Camera And Action, page 16
The shanty scene unselfconsciously draws viewers into the connection between hair and oppression, yet the film's dependence on counterculture oppression also depends on solidarity with blacks to convince a sixties audiences that appearance is legitimately an expression of liberation.28 In view of black farmers and their historically limited social liberties, this passing gesture ironically points at blacks' location socially and the South's place regionally. The psychology of the film and the psychological investment it confers gloss over the contingency of individualism and autonomy that emphatically rests on being white, not black, in America. Freedom, as one reviewer explained about the film, was simply the "concomitant health, leisure, and affluence (their Harley-Davidsons, their luxuriant dress)" accessible to whites.29
Billy and Wyatt, meaning to separate themselves from the racial attitudes symbolized by the "redneck" South, become an affront to those whose struggle has not included the choice of movement. The standing, waving black Southerners contrast to the roaming riders who leave behind those unable to share in real solutions to racial and class struggle, if what freedom takes is a bike, a helmet, and money in the tank. As critic Paul Warshow recognized at the time, the sixties generation finds "the aims of the industrial society ... no longer satisfying" and in turn "reject[s] materialism because it takes abundance for granted." The "oppressiveness of industrial society is psychological and that salvation lies in the inner sanctuary of the senses, where the young can be in touch with themselves and aware."30 Psychological marginalization versus economic and racial displacement in the context of 1969 appears naive. Signifying brotherhood, this micro-scene invites viewers to imagine the counterculturalist as facing the same struggle as the racially oppressed. Indirectly, the wave reinforces the hippie as black, as part of the oppressed on a mission to create a more equal America.31
Billy and Wyatt arrive at the heart of the Mardi Gras celebration and they track down the "best little whorehouse" according to buddy George's recommendation. The film indulges in psychedelic visuals and engages in its most experimental features. Billy and Wyatt drop acid but the trip goes bad. The surreal sequence superimposes images of crucifixes and Virgin Marys. New Orleans becomes the American monster, a dream skewed, and guarantees that the narrative of pure landscapes way out West remains real America. As one reviewer remarked, the "wacked-out motor-psycho nightmare collid[es] with the breathtaking landscape of the western."32 Instead of being saved by the grace of the Western, the story ends with the individualists' annihilation. At the last campfire, Billy gloats. "We've done it, we've done; we're rich, Wyatt ... we're retired in Florida now, man." In a reflective moment, Wyatt replies, "You know, Billy, we blew it." Underneath the veneer of weed, open skies, and counterculture discourse lies the one fact of freedom - that it costs.
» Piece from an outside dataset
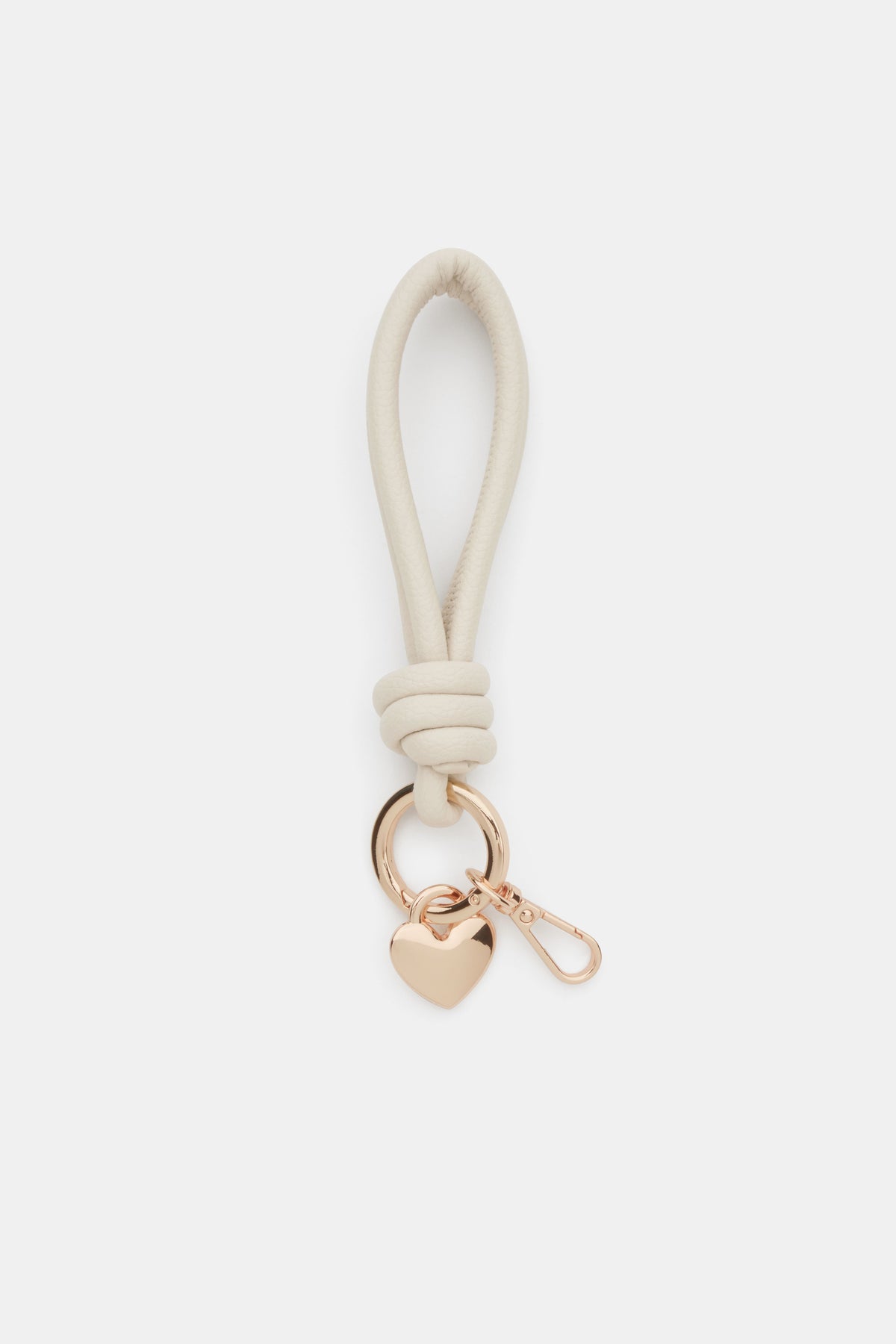 Loop Heart Keyring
Bob Dylan's "It's Alright, Ma, I'm Only Bleedin'," portends the final tragedy. The lyrics warn about "darkness" in daylight that "shatters" fortune. The isolated, two-lane Southern highway appears lush initially but, at high noon, Billy and Wyatt inadvertently face a showdown. A white pick-up truck pulls to the side of the bikers and one of the occupants points a shotgun at Billy. Meant as a joke to "scare the hell outta them," the passenger jests, "Why don't you get a haircut?"33 They are intruders in an America that does not recognize "their kind," but Los Angeles-bred Billy flips the driver off and the farmer fires. Billy lies dying and Wyatt heads back on the two-lane road for help. Deciding to finish the practical joke, the southerners also turn back. In four quick moments, the camera alternates point of view shots between the pickup and Wyatt on his Harley, each speeding head-on toward each other. The last image shows in slow motion Wyatt's bike blown to pieces. The camera pulls back and leaves viewers seeing a ball of fire burning in a jungle-like setting of the South.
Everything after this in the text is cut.